The number of EVs sold by Chinese brands across the EU rose from just 0.4% of the total EV market in 2019 to almost 8% last year, according to data from Transport & Environment, a leading Brussels-based environmental group.
Polish architect Patrick Krupkala, who is due to receive his new Chinese-made MG4 in two weeks, told the BBC: “I chose the MG4 because it’s quite cheap. It’s a very fast car and it’s rear-wheel drive, just like my old BMW E46.”
T&E project companies such as BYD and China’s Shanghai Automotive Industry Corporation (SAIC), which formerly owned British brand MG. It could reach a 20% market share by 2027.
But not all Chinese-made EVs will be affected equally by the new tariffs.
Winners and Losers
The European Commission has set separate tariffs for three Chinese EV brands: SAIC, BYD and Geely.
SAIC was hit with the highest new tariffs. 37.6%. State-owned SAIC is the Chinese partner of Volkswagen and General Motors. It also owns MG, which makes the MG4, one of Europe’s best-selling EVs.
“The cost of not cooperating would be a big blow to SAIC, which derives 15.4 percent of its global sales from EV sales in Europe,” said independent research firm Rhodium Group.
For Krupkkala, who bought his MG4 before the tariffs came into effect, the EU move isn’t a big deal: “I’m not worried about the tariffs. I have a good car with a seven-year warranty.”
It’s a different story for BYD, China’s largest EV maker, which will face an additional 17.4% tariff on vehicles it exports from China to the EU.
This is the lowest price increase ever and, according to a study by Dutch bank ING, will “give car manufacturers an advantage in the European market.”
Luiz Filipe Costa, an insurance executive in Portugal who just bought a BYD Seal, said price was one of his deciding factors when choosing a new car.
But he added that even if the European Commission’s new tariffs had already come into force, he would still have chosen BYD because “other brands are also affected.”
Geely Automobile, which owns Sweden’s Volvo, will be hit with an additional tariff of 19.9%.
Spanish bank BBVA said the company would “continue to export profitably to the EU” but that “profits will be significantly reduced.”
Other companies, including European carmakers that operate factories in China or through joint ventures, would also have to pay more to bring electric cars into the EU.

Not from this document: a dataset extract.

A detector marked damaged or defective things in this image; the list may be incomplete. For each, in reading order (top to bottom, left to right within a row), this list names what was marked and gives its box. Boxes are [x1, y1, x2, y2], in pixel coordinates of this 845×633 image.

Anyone deemed to have cooperated with the investigation will be subject to a fine of 20.8.%Meanwhile, any country deemed uncooperative by EU inspectors will be subject to higher tariffs of 37.6%.
U.S.-based Tesla, the largest exporter of electric cars from China to Europe, has asked for an individually calculated tax rate, which EU authorities said would be decided at the end of the investigation.

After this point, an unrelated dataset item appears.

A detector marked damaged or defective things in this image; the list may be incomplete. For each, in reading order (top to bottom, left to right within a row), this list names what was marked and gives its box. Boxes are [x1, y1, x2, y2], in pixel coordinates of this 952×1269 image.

Still, the company posted a notice on some European websites saying the price of Model 3 cars it makes in Shanghai could increase because of the new tariffs.
Last year, Lars Koopmann, a businessman living in Germany, a major auto manufacturing nation, bought a China-made Tesla Model Y.

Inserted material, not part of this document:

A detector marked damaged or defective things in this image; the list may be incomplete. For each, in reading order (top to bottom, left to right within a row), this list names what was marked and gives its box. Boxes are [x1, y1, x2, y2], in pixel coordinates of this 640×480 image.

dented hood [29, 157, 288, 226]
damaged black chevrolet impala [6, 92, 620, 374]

Copeman said he particularly liked the car’s high-tech features, including the large touchscreen.
“Price was also a big differentiator from German premium brands,” Koopman says.
“If tariffs had been introduced, it would certainly have influenced my decision.”
Localization of production
While some China-based exporters are in a better position than others, the Commission’s plans make it clear that all will face higher costs when shipping to Europe.
“Those hardest hit will be SAIC brands such as MG and foreign-Chinese joint ventures in China, where profit margins are often lower on cars exported to Europe,” Rhodium said.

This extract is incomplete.